Surprisingly, DE-CMR showed not only extensive myocardial edema of the midventricular and apical segments consistent with TTS (Fig. 1G), but also late gadolinium-enhancement of the mid-ventricular and apical inferolateral wall suggestive of myocardial infarction in the territory of the right coronary artery (RCA) or left circumflex artery (Fig. 1H).

Only few hours after CMR, the patient developed an acute infero-posterior ST-segment elevation myocardial infarction (STEMI) (Fig. 1I). By the time of immediate repeat coronary angiography, symptoms had resolved, and ST-segment changes had normalized. There was normal coronary artery flow in all three vessels. With the evidence of thrombus on optical coherence tomography (OCT) in the mid and distal part of the marginal branch (Fig. 1J and K, inset) it was considered that this vessel — rather than the RCA — is the culprit lesion of the actual STEMI and also of the initial NSTEMI with documented inferolateral scar on DE-CMR. Both lesions of the marginal branch were treated with implantation of a zotarolimus eluting stent (Resolute Onyx 2.5 mm × 12 mm proximal and 2.25 mm × 12 mm distal, Medtronic Inc., Minneapolis, MN, USA) (Fig. 1N). Furthermore, OCT was performed in the proximal LAD to rule out plaque rupture or plaque erosion as the cause of the apical ballooning (Fig. 1L, inset). Dual antiplatelet therapy was started with acetylsalicylic acid and ticagrelor.
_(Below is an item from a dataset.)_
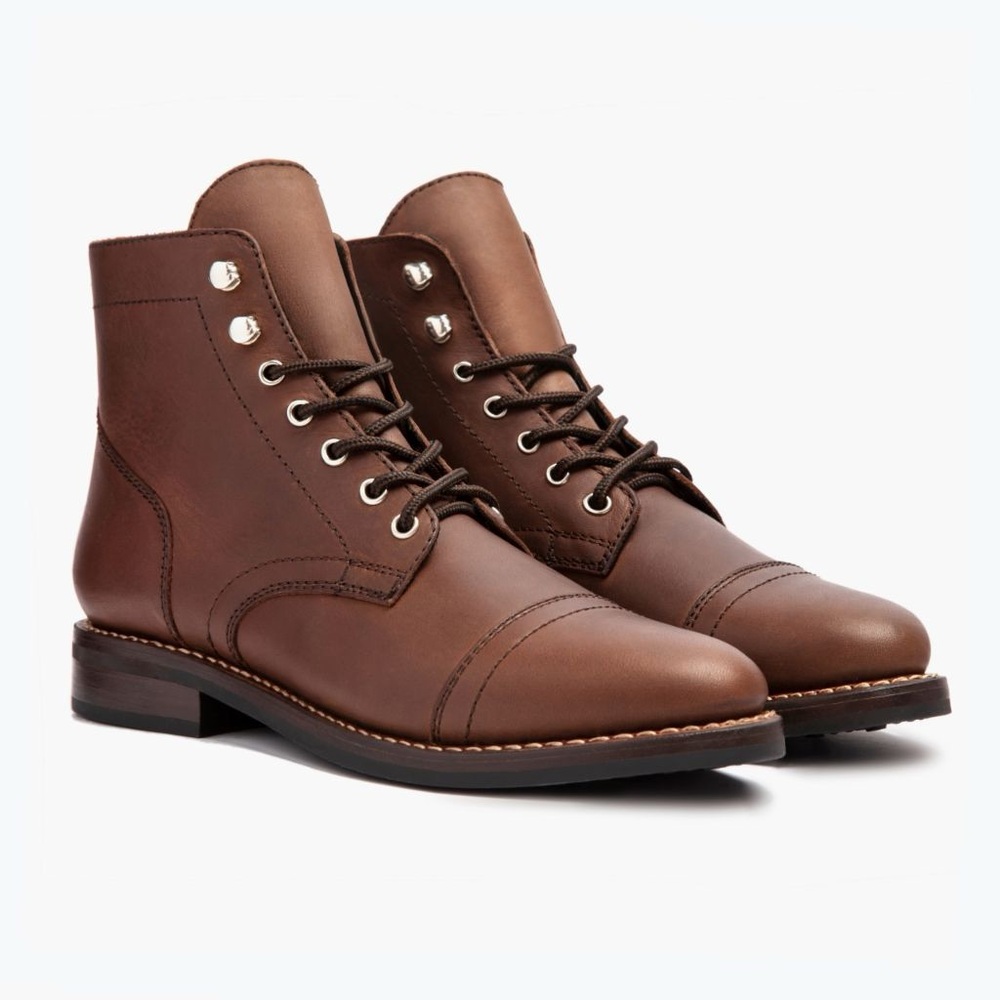 Thursday Boot Company Brown Lace Up Boots Captain color whiskey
A percutaneous approach was chosen for further revascularization of the remaining two-vessel disease due to patient preference and the distally diseased LAD being a suboptimal target for a coronary bypass graft. Based on the CMR and OCT findings, the proximal LAD stenosis was considered to be a stable lesion and it was assumed to be safer to delay revascularization for 1 month. Indeed, left ventriculography showed normalized LVEF by then (Fig. 1M) supporting the diagnosis of TTS. The stenoses in the proximal and distal LAD were treated with implantation of three stents (Resolute Onyx 3.5 mm × 15 mm, 2.5 mm × 22 mm and 2.25 mm × 15 mm) (Fig. 1O). After the patient developed shivering of unknown cause, planned revascularization of the RCA was not performed. A control DE-CMR did not show inferior ischemia and it was therefore decided to employ a conservative treatment.
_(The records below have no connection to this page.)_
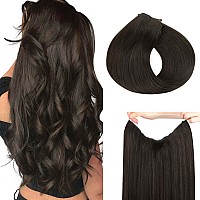 Hotbanana Wire Hair Extensions 12 Inch 70G Dark Brown Fish Line Hair Extensions Real Human Hair Straight Invisible Wire Hair Ex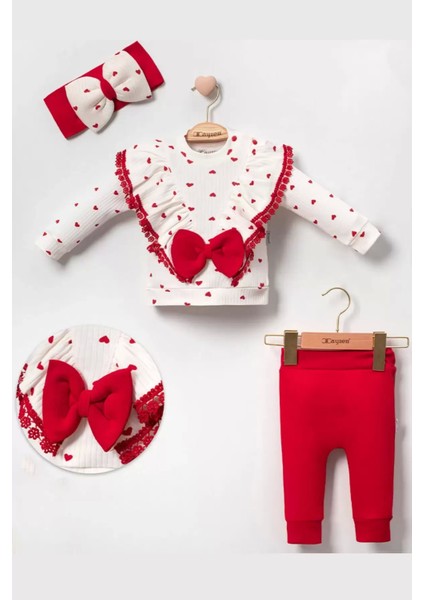 3'lü Kız Bebek Takım Fiyonklu Kalp Desenli %100 Pamuk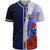 Cook Islands Polynesian Custom Personalised Baseball Shirt - Coat Of Arm With Hibiscus Blue Unisex Blue - Polynesian Pride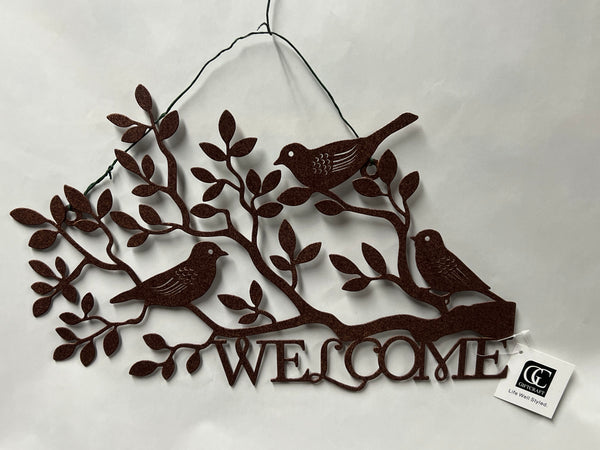 Metal Welcome Sign with Birds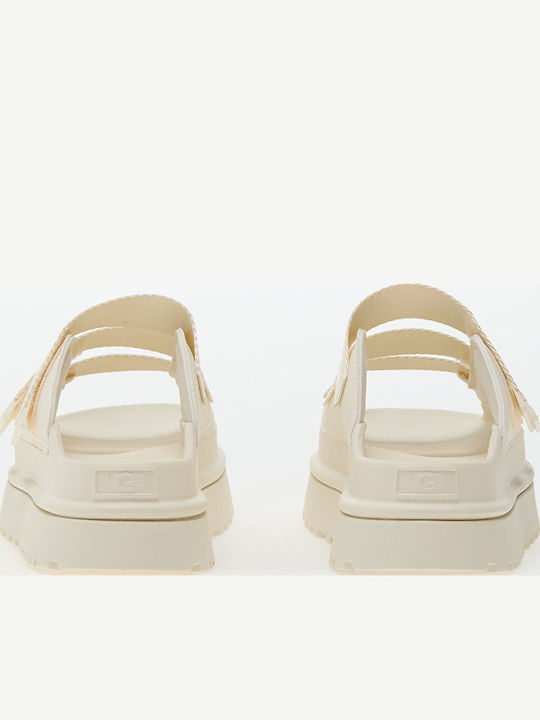 Goldenglow Slide Women's Flat Sandals in Beige Color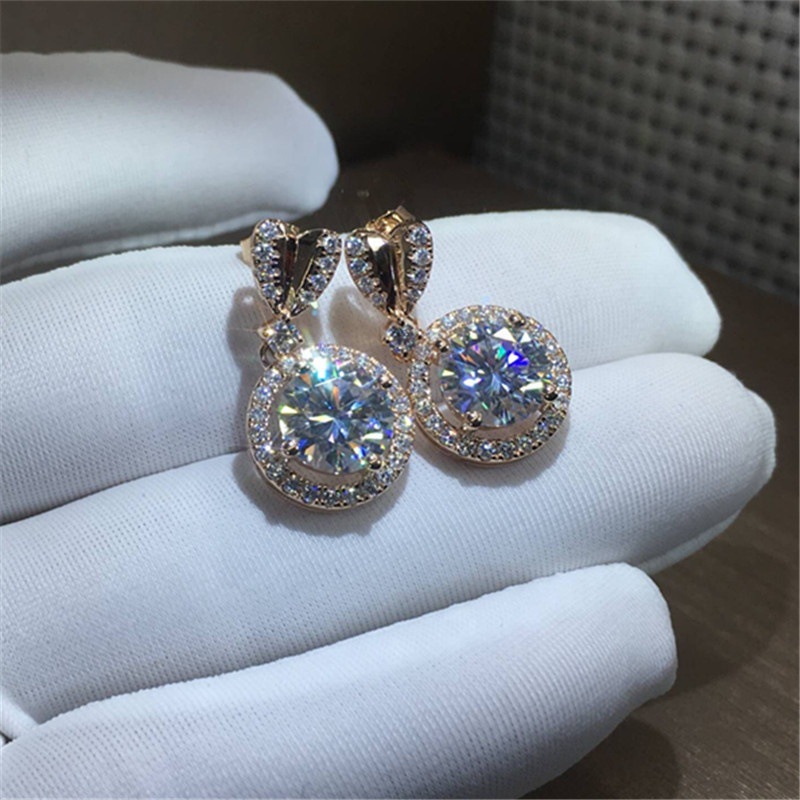 Anting Bentuk Hati Bahan Zirkon Warna Emas Untuk Wanita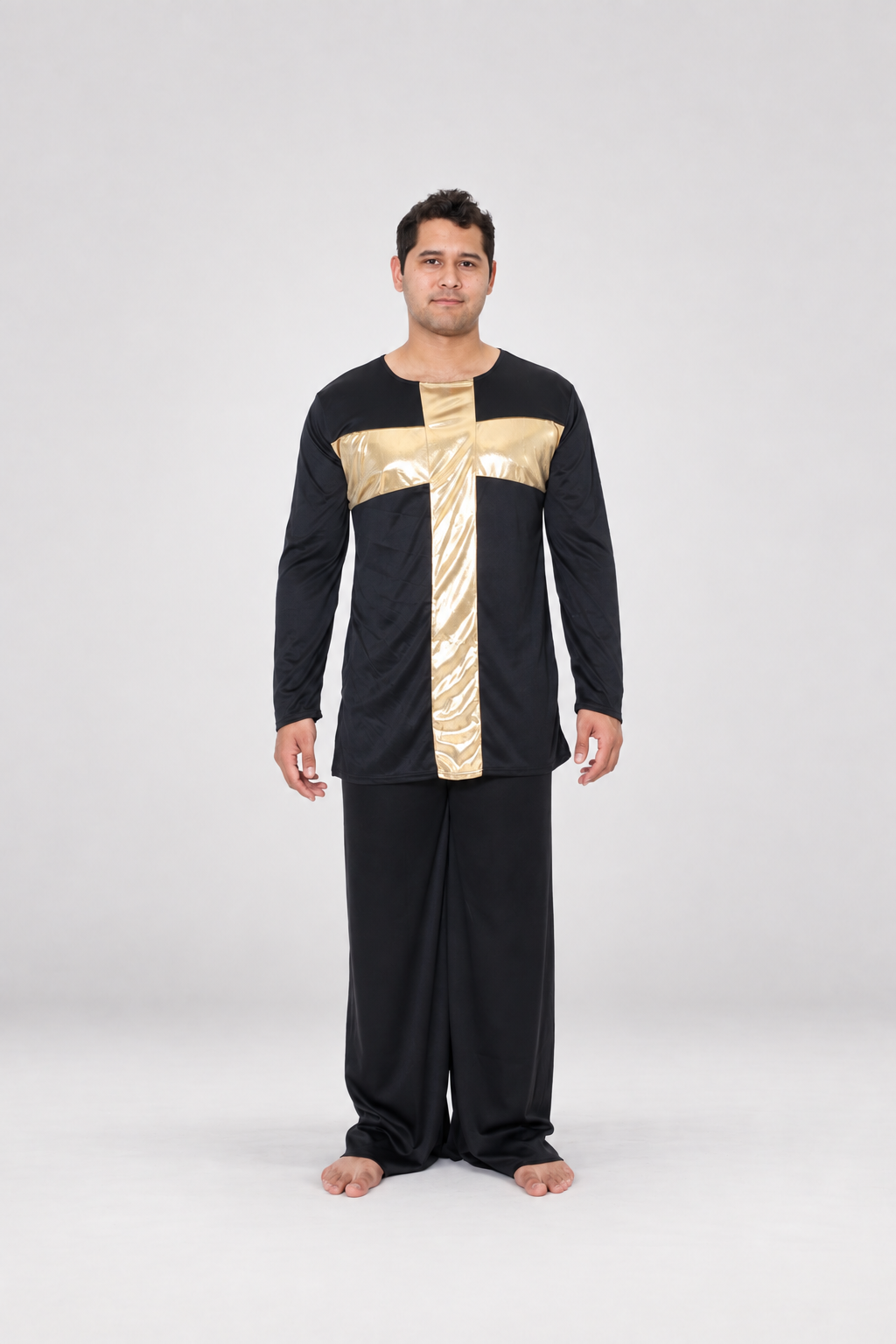 Metallic Cross Panel Long Sleeve Pullover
The view herein, was that the most likely pathological mechanism in this case is a plaque rupture and infarction of the left marginal branch that triggered a TTS with reversible apical ballooning. ECG findings may support this sequence of events: while the ECG changes at presentation are more consistent with a marginal branch infarction, the widespread negative T-waves several hours later are more likely to have been caused by TTS, albeit T-wave inversions and their distribution in the present case are not specific for TTS or ACS [2].

Although exclusion of obstructive coronary artery disease was initially considered mandatory for the diagnosis of TTS, cases of TTS triggered by ACS have been reported, and may be under-diagnosed [3, 4]. In men, the prevalence of TTS is about 10 times lower than in women, while triggers are — as in our case — more often physical than emotional [5, 6].

This case represents a challenging clinical scenario in differentiating between ischemic and non-ischemic causes of NSTEMI on one hand, and identifying the culprit lesion in the context of three-vessel coronary artery disease on the other hand. Imaging with DE-CMR and OCT lead us to understand the case, and it is believed that the interplay between angiography and imaging modalities is critical to increase the diagnostic accuracy in NSTEMI patients.